FIEL SERVIDOR DE BEETHOVEN
Publicado en
octubre 25, 2009
Heinrich Hasselbach. Foto de Georg Munker.
Nada en el mundo, ni el fuego, ni las bombas ni los peligros para su salud, podía apartar a Heinrich Hasselbach del deber que se había impuesto: proteger las reliquias del músico inmortal.
Por Lili Foldes.
LA BEETHOVENHAUS, en Bonn, es uno de los santuarios más venerados del mundo. Allí, el 16 de diciembre de 1770, nació el genio de la música y allí vivió los 22 primeros años de su existencia. Hoy esa casa encantadoramente arcaica de la estrecha calle Bonngasse, en la ciudad vieja, es un lugar de peregrinación al que acuden año tras año millares de admiradores del mundo entero a contemplar los instrumentos músicos del maestro, sus manuscritos y partituras y sus objetos personales.
Hace 34 años esas valiosísimas reliquias hubieran desaparecido; pero lo impidieron la fortaleza y el valor de un hombre: Heinrich Hasselbach, guardián del museo. Cuando le preguntaban para quién trabajaba, respondía: "Para Beethoven". Y, en realidad, Beethoven era su patrono. Hasselbach admiraba profundamente las cualidades humanas del gran maestro que, consciente de sus flaquezas, vertió en su música inmortal sus insoportables sufrimientos y sus alegrías. El 18 de octubre de 1944, a las 10:35 de la mañana, una flotilla de bombarderos aliados invadió los cielos de Bonn. Hasselbach, entonces de 50 años, y su esposa acababan de entrar en el refugio antiaéreo cuando la tierra empezó a sacudirse bajo el ataque devastador. Cientos de toneladas de explosivos llovieron sobre la ciudad; cayeron bombas incendiarias sobre los tejados y la urbe se convirtió en una nube de humo, polvo y llamas.
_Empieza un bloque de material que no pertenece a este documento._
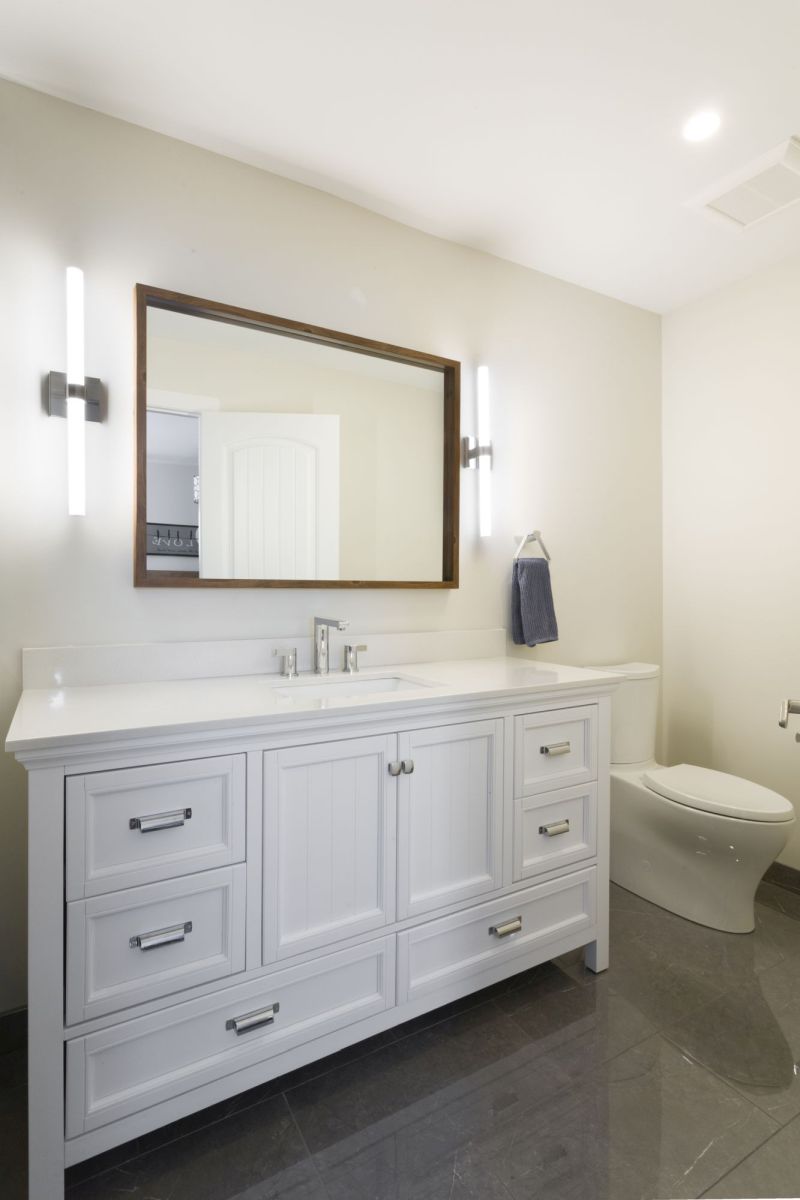 Elegant bathroom with clean white vanity, framed mirror, and polished gray tile floors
"Voy a ver qué ha sucedido", avisó el guardián a su esposa y abandonó el refugio haciendo caso omiso de la densa humareda y las bombas que estallaban a su lado. Atravesó el patio casi a tientas y en medio de una tormenta de cenizas, hasta que divisó la silueta de la Beethovenhaus, con su casa principal de tres pisos, cuya fachada da a la Bonngasse, y, junto al jardín, el edificio anexo de dos pisos donde en realidad vivió la familia Beethoven.
Hasselbach vio salir una llamarada del tejado de la casa contigua al jardín, exactamente sobre el ático en que había nacido Ludwig. Corrió a la casa principal y subió las escaleras de dos en dos. Por una ventana de la parte posterior pasó al tejado de la otra casa, cogió la bomba incendiaria, que silbaba amenazadoramente, y la arrojó al patio. Lejos de su alcance vio otros dos artefactos infernales. Temblando, trepó por la ventana y las tejas. El humo y el vértigo lo sofocaban y estuvo a punto de caer, pero al fin consiguió arrojar del tejado las dos bombas.
Ante el espectáculo de los edificios contiguos y la mayor parte de la Bonngasse en llamas, Hasselbach sintió pánico momentáneo. Sabía bien que no aparecerían los bomberos mientras continuara el bombardeo. En la calle no había un alma, pues todo el mundo buscaba protegerse en los refugios. Sólo él se preocupaba por la Beethovenhaus.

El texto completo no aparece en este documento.